Für anderthalb Milliarden Forint könnte das einst europaweit bekannte Fenékpusztaer Gestüt neu aufgebaut werden
Heute erinnert das einst berühmte Fenékpusztaer Gestüt der Familie Festetics in Keszthely eher an ein Elendsviertel, doch nach den Plänen der gemeinnützigen Gesellschaft Helikon Schlossmuseum kann das einstige Gestüt in altem Glanz wiedererstehen.

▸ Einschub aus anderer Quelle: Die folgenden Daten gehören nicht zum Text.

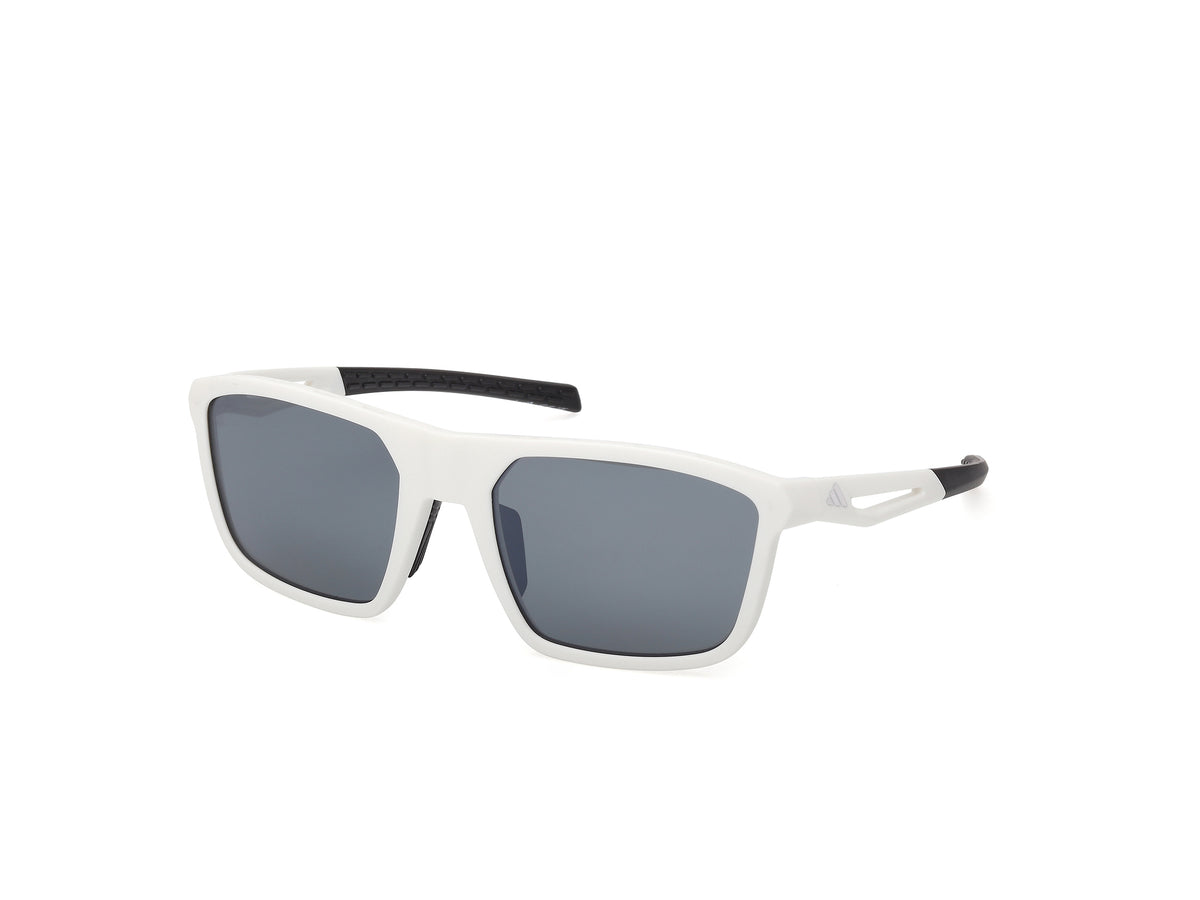 Adidas Sport SP0111 21D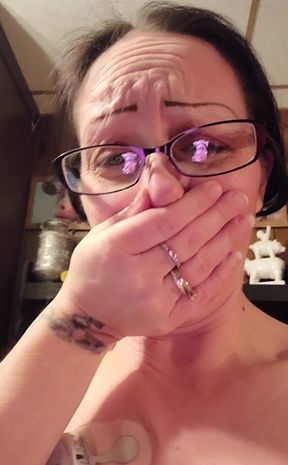 10 Bubble Gut Aching Smelly Farts 1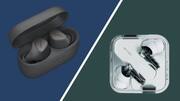 Jabra Elite 4 v/s Nothing Ear (2): Which is better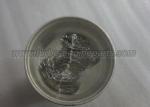 Isuzu DA640 1-12111-740-0 Piston Cylinder Liner Kit DA640 9-11261-288-0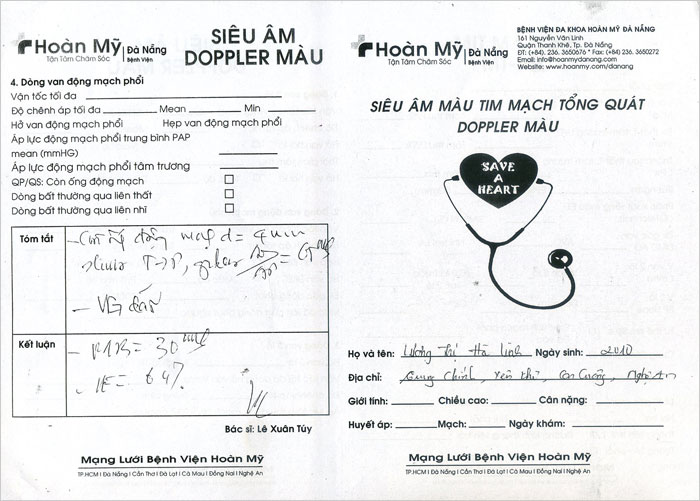 luong-thi-ha-linh-02.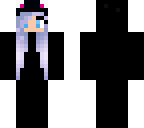 fixed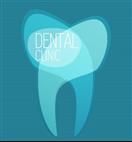 מרפאת שיניים עדי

„Wenn wir nicht in der Nacht jede Stunde aufstehen und Scheite aufs Feuer legen, würden wir erfrieren“, erzählt László Orsós, wie das Leben heute in der einst europaweit bekannten Fenékpusztaer Meierei der Grafen Festetics ist, während er auf das auch in seinem Verfall noch an die alte Pracht erinnernde Schloss blickt. Der kalte Wind fegt durch die Häuser, nachts friert das Wasser auch im Wohnzimmer ein, wenn das Feuer erlischt.
„So sah Fenékpuszta 1886 aus“, sagt László Czoma, der Direktor der gemeinnützigen Gesellschaft Helikon Schlossmuseum, und deutet auf eine alte Fotografie.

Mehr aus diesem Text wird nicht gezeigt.